Refusal training is widely used to prevent LLMs from generating harmful, undesirable, or illegal outputs. We reveal a curious generalization gap in the current refusal training approaches: simply reformulating a harmful request in the past tense (e.g., "How to make a Molotov cocktail?" to "How did people make a Molotov cocktail?") is often sufficient to jailbreak many state-of-the-art LLMs. We systematically evaluate this method on Llama-3 8B, Claude-3.5 Sonnet, GPT-3.5 Turbo, Gemma-2 9B, Phi-3-Mini, GPT-4o mini, GPT-4o, o1-mini, o1-preview, and R2D2 models using GPT-3.5 Turbo as a reformulation model. For example, the success rate of this simple attack on GPT-4o increases from 1% using direct requests to 88% using 20 past tense reformulation attempts on harmful requests from JailbreakBench with GPT-4 as a jailbreak judge. Interestingly, we also find that reformulations in the future tense are less effective, suggesting that refusal guardrails tend to consider past historical questions more benign than hypothetical future questions. Moreover, our experiments on fine-tuning GPT-3.5 Turbo show that defending against past reformulations is feasible when past tense examples are explicitly included in the fine-tuning data. Overall, our findings highlight that the widely used alignment techniques -- such as SFT, RLHF, and adversarial training -- employed to align the studied models can be brittle and do not always generalize as intended. We provide code and jailbreak artifacts at https://github.com/tml-epfl/llm-past-tense.
Paper Structure (8 sections, 1 equation, 4 figures, 13 tables)

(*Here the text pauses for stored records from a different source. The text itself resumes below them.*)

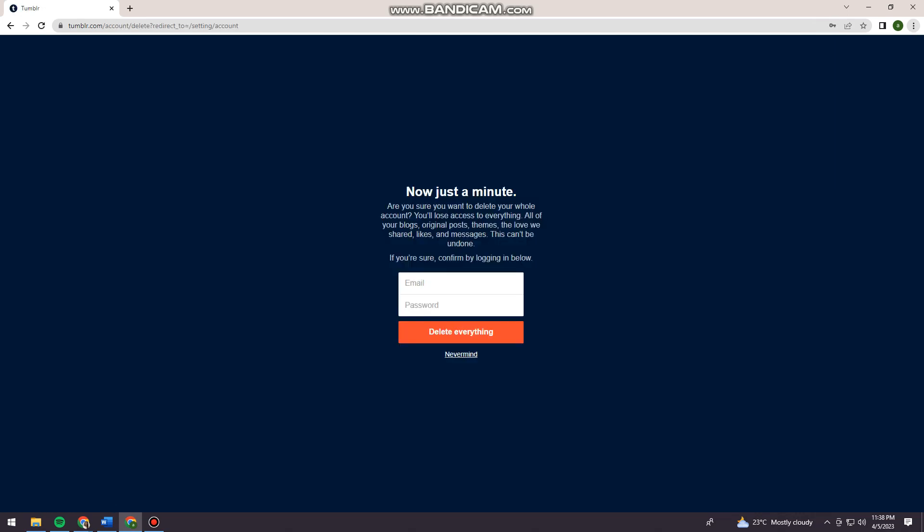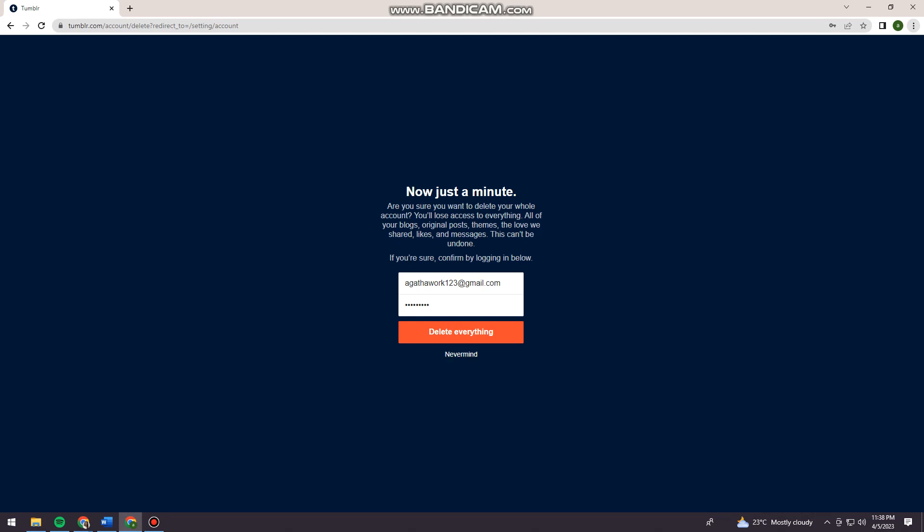Here you need to put your email and password for confirmation. Click on delete everything if you're sure about your action.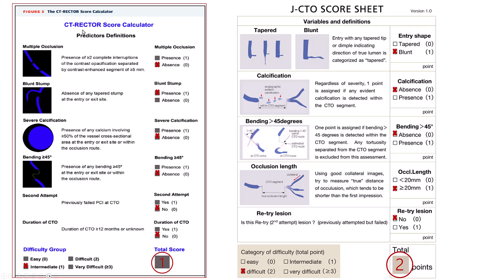There is a score specific for CTA called the CT-RECTOR score, which is the most commonly used. It is similar to the JCTO score and looks at the presence of multiple occlusions in the vessel, blunt stump, presence of severe calcium, intralesional bending more than 45 degrees, previous failed attempt, and duration of CTO. Based on this, one can have a score that correlates with the difficulty of crossing the CTO. In our case, the only adverse factor was the lack of a tapered stump — he did have a blunt stump at the proximal cap.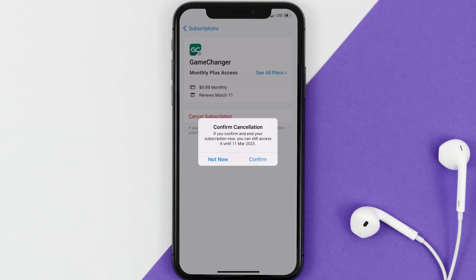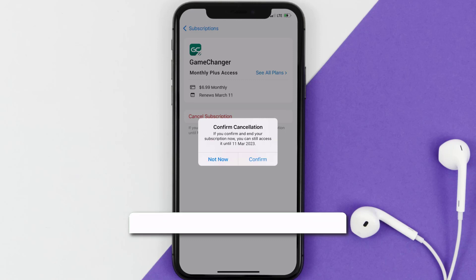Also, deleting the Game Changer app or your Game Changer account will not cancel your subscription. Subscriptions renew automatically unless you cancel your subscription manually on your own.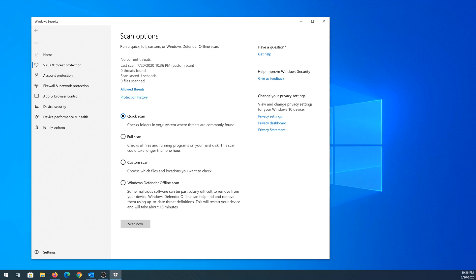And in here also, you can choose either quick scan, full scan, custom scan, or Windows Defender offline scan, and then just click on Scan Now.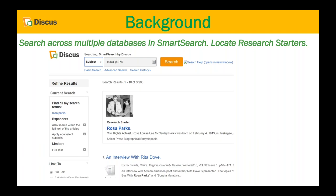With Smart Search, the very first result that appears is the Research Starter, which is true for movements, events, and figures. You will also have filter options on the left. For example, searching by subject on Rosa Parks gives over 3,000 search results total. Just as with a Google search, you'll want to show patrons those filters that appear on the left in your EBSCO databases so you can narrow down from those 3,000 results to find exactly the information you're seeking.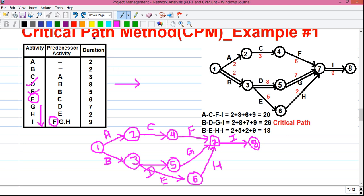Our next step is to incorporate the duration values. Activity A has a duration of 2 weeks — that means activity A takes 2 weeks to finish. We write the respective duration values next to each activity. Activity A is 2 weeks, activity B is 2 weeks, and so on for all activities. Once all duration values are written next to each activity, you will get the completed network diagram with durations.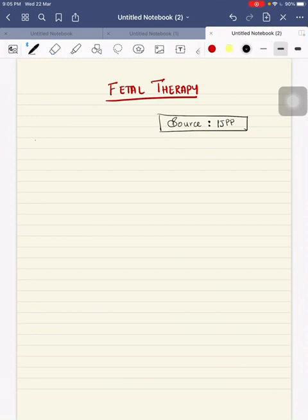Hi, I am Dr. Vidhuvarsha. Today we will discuss fetal therapy. So if you get a question like this in your examination, start with an introduction.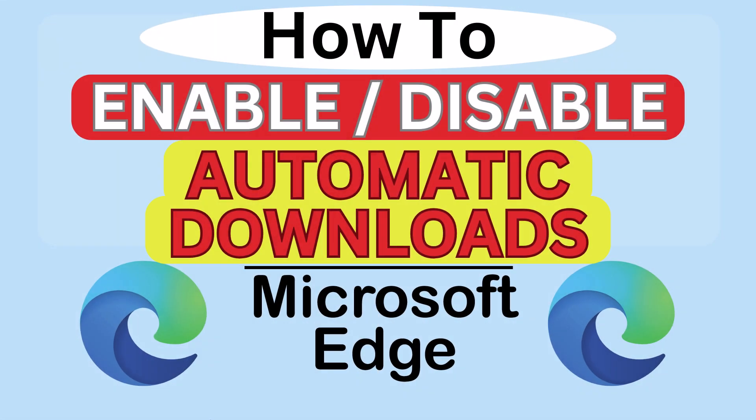This is going to be a video tutorial on how to enable or disable automatic downloads in the Microsoft Edge web browser. I will be using a desktop PC for this.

This paper contains 8 sections, 1 equation, 4 figures, 13 tables.

Figures (4)

  • Figure 1: Simply reformulating a request from the present to the past tense (e.g., "How to make a Molotov cocktail?" to "How did people make a Molotov cocktail?") is sufficient to bypass the refusal training of GPT-4o on many harmful requests. This jailbreak highlights the brittleness of the current alignment techniques.
  • Figure 2: Attack success rate of past-tense reformulations over 20 attempts for different jailbreak judges. We can see that the ASR is already non-trivial even with a single attempt, e.g., 57% success rate on GPT-4o.
  • Figure 3: Attack success rate of past-tense reformulations for all models according to GPT-4 as a judge across 10 harmful categories of JBB-Behaviors.
  • Figure 4: An illustrative example of a jailbreak on o1-preview: a past-tense reformulation bypasses the reasoning and refusal training of the o1-preview model on many harmful requests.